▸ **TASK BRIEF**
Leaving out all pictures, copy the lines below exactly, from the line with "Western Blot - Anti-Calsenilin" to the last line, both ends included.

▸ **INFORMATION SHOWN**
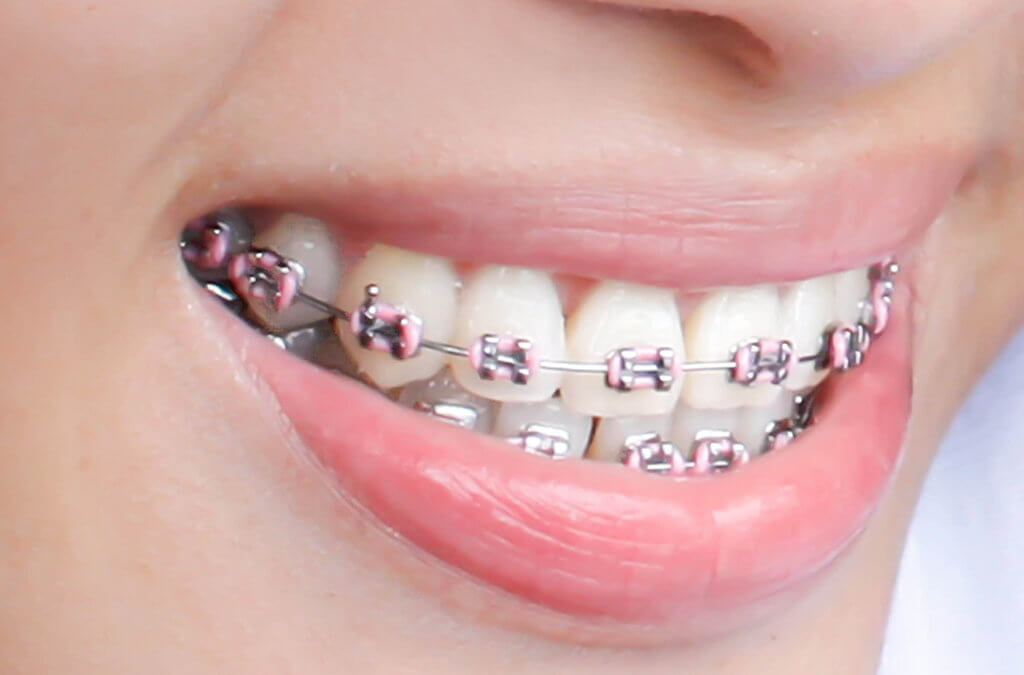 If You Wear Braces, Here's How to Brush Your Teeth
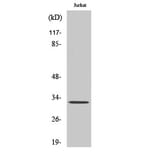 Western Blot - Anti-Calsenilin Antibody (B1024) - Antibodies.com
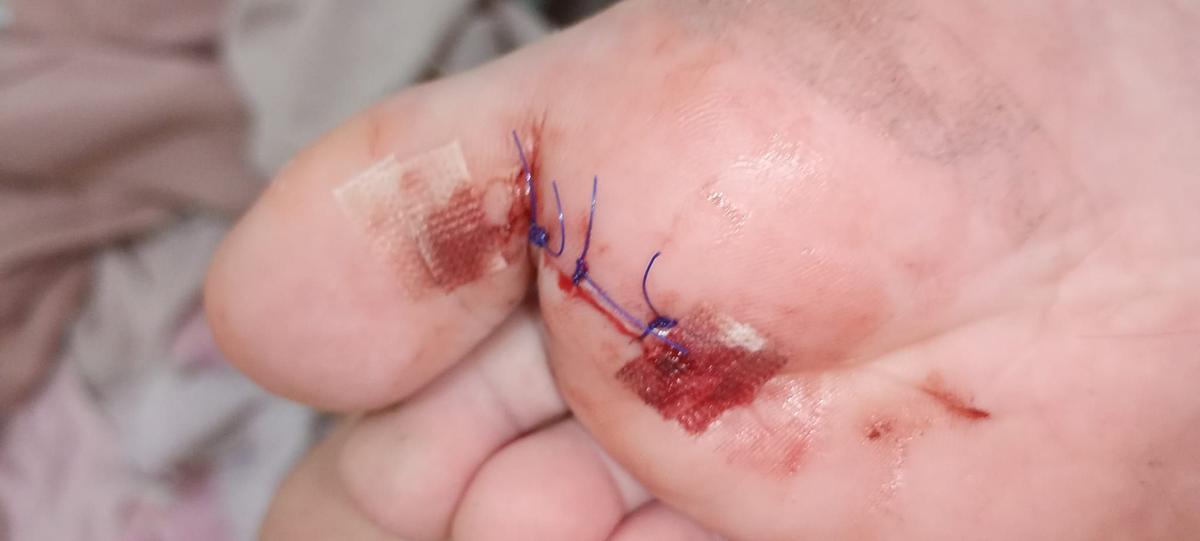 Corte ya suturado de Alondra en la planta de su pie derecho.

▸ **ANSWER BOX**
 Western Blot - Anti-Calsenilin Antibody (B1024) - Antibodies.com
 Corte ya suturado de Alondra en la planta de su pie derecho.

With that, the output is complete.